The series consists of a single season with 21 four-minute television episodes, complemented by one-minute episodes for social media. It features a minimalist drawing style in black and white that mimics a childlike stroke. It is a French–Spanish co-production by Les Valseurs and Pikkukala, in collaboration with Arte France, Radiotelevisión Española (RTVE), Televisió de Catalunya (3Cat), and the region of Hauts-de-France.

== Synopsis ==
On his tenth birthday during the 2000s, Samuel receives a diary by a relative as and begins writing about his life, focusing on the end of childhood and the beginning of adolescence, including his relationships with friends, the transition from primary to secondary school, his insecurities, and his first growing feelings for Julia, a classmate he falls for after an encounter on the bus.

Classmate Bérénice confesses her feelings for Samuel, and he rejects her. Bérénice later asks Samuel if he is in love with Julia and replies with no, along with a comment about her appearance. Bérénice then tells the teacher loudly so the class can hear it, including Julia. Dimitri, another classmate, begins dating Julia. Bérénice, who struggles with anger and social isolation, finds her only source of happiness in her scented card collection, which classmates later steal. Samuel and his friend Alberto return their stolen cards and apologize, and they all start to grow together after that.

Following his grandmother's death, Alberto returns to school outwardly and unaffected. When Samuel challenges him to run down a steep hill, Alberto's backpack opens mid-run and scatters drawings the class had made for him. He falls, and seeing the drawings again brings him to tears. Samuel gathers the drawings and comforts him.

Julia later ends things with Dimitri without explanation, though he notes their growing distance beforehand. Samuel spots her performing in a dance show his mother is part of, and the two wave at each other at a red light after the show. As summer begins, the town gathers to watch fireworks, and Samuel reflects on Alberto's comment earlier about the transition to high school. During a family trip to a beach in Valencia, Samuel meets another boy who encourages him to confess his feelings to Julia, prompting Samuel to write her a postcard admitting how he feels.

At high school, Samuel, Alberto, Dimitri, Bérénice, and Julia all attend the same school. Samuel makes new friends as well named Sergio and Anuar. Alberto is labeled a "disruptive element" after bringing a bird to class, Dimitri gains popularity through his older brother, Bérénice joins a new friend group but talks to Samuel after school sometimes, and Julia interacts with him and his friends occasionally. Samuel reveals Julia never responded to his postcard. Bérénice later discovers a list Samuel had made of ways to make himself seem more "cool" and he argued with her to give it back. They later reconcile online on MSN and she tells him that he think he's fine just the way he is. Their friendship grows later in another episode after skipping a day of school together.

When Julia finds Samuel's diary and he confesses that he still likes her, she admits she had feelings for him too, and had bought a postcard to reply but she never sent it.

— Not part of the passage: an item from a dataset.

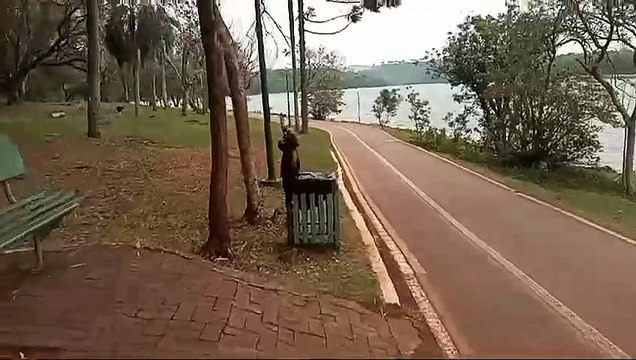 Em Cascavel: Macaquinho é flagrado ‘bebendo cerveja’ no Lago Municipal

She reveals she'll be transferring schools and isn't ready for a relationship now, fearing it would mean losing herself. At a party, Bérénice overhears Samuel make a comment related to Bérénice at an awkward time. After the party ends on their walk home, Samuel apologizes and she tells him she's always known about his feelings for Julia and kisses him before leaving. After a period of distance, Samuel tells Bérénice how he feels and she replies with little at first, before returning to tell him she feels the same.

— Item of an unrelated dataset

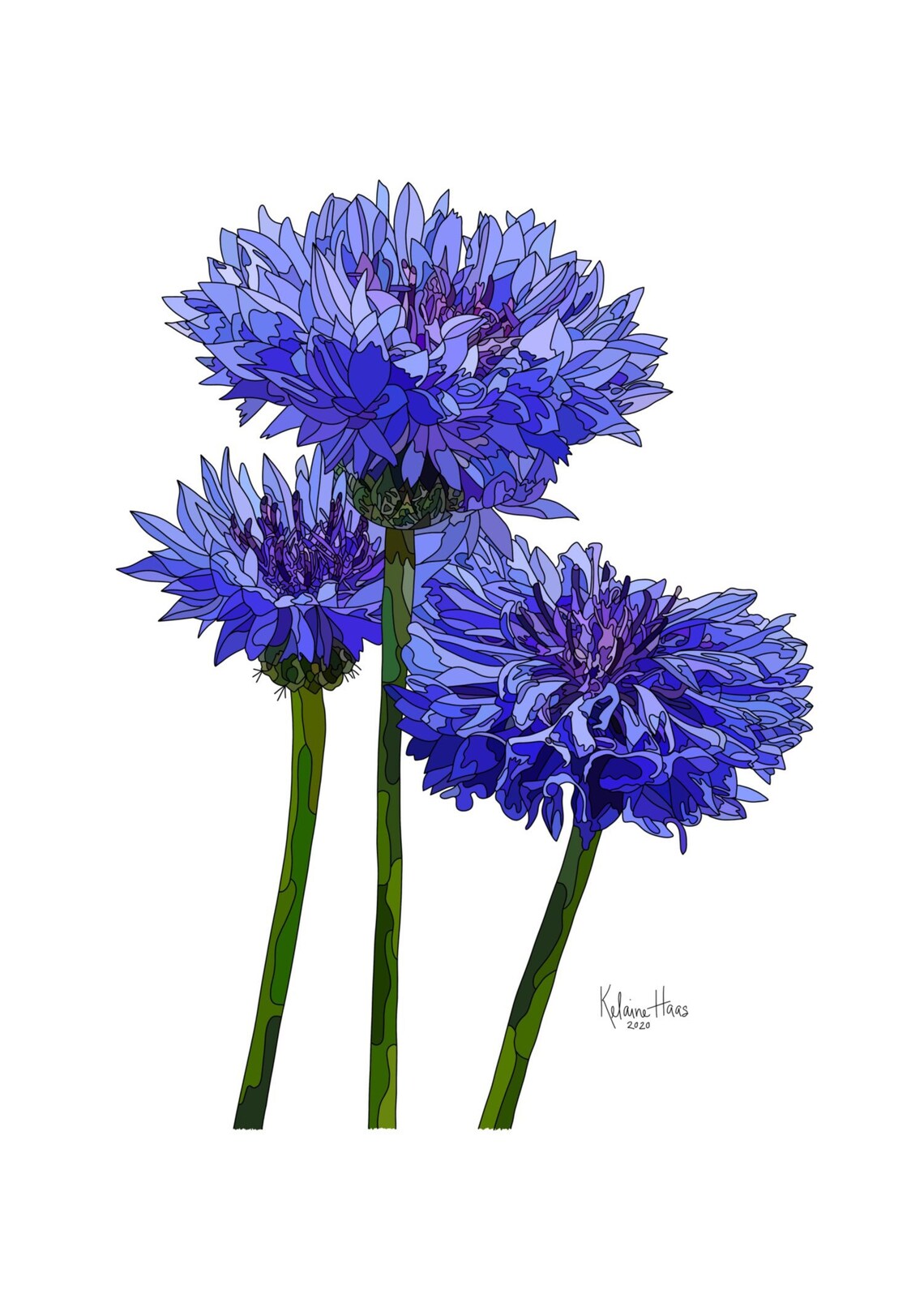 Bachelor Buttons Fine Art Print Etsy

By the end, Samuel has filled all the pages of his diary, just one day before his eleventh birthday.

== Production ==
Samuel is a series written, directed, and voiced by Émilie Tronche. The production was carried out jointly between France and Spain, handled respectively by the studios Les Valseurs and Pikkukala.

After graduating from the Animation School of Angoulême and making a short film for France Télévisions in 2020, Tronche began posting animations on social media exploring adolescent concerns, which caught the attention of Les Valseurs. In September 2021, it was confirmed that the project would be developed into an animated series commissioned by Arte France.

The Spanish–Finnish studio Pikkukala also joined the production, bringing experience from previous TV series such as My Real Neighbors and Stinky Dog. Public broadcasters RTVE and Televisió de Catalunya (3Cat) also participated in the project.
The animation in Samuel is 2D and minimalist, with a quick sketch-like black-and-white line style that, according to the creator, aims to "convey emotion, to say what I wanted with very little," creating an intimate and spontaneous atmosphere. The animation is produced at a rate of twelve drawings per second. Tronche voices all characters in the French version; each episode is narrated from Samuel's point of view, except for one—"The Letters"—which is centered on his friend Berenice. Another key feature of the series is the use of music, with songs that reinforce the message of each episode, and dance as a form of physical expression.

Samuel follows a transmedia storytelling approach aimed at a teenage audience, allowing it to be followed both on linear TV and social media. On one hand, 21 television episodes were created, each four minutes long and in 16:9 format. On the other, a separate version was released consisting of 20 vertical one-minute videos for TikTok and Instagram, which complement the plot and place more emphasis on music. Initially, the series was conceived as a digital-only project, but both RTVE and 3Cat requested a television version to air on their respective channels. The production received funding from the Centre national du cinéma et de l'image animée (CNC) and the Instituto de Crédito Oficial (ICO).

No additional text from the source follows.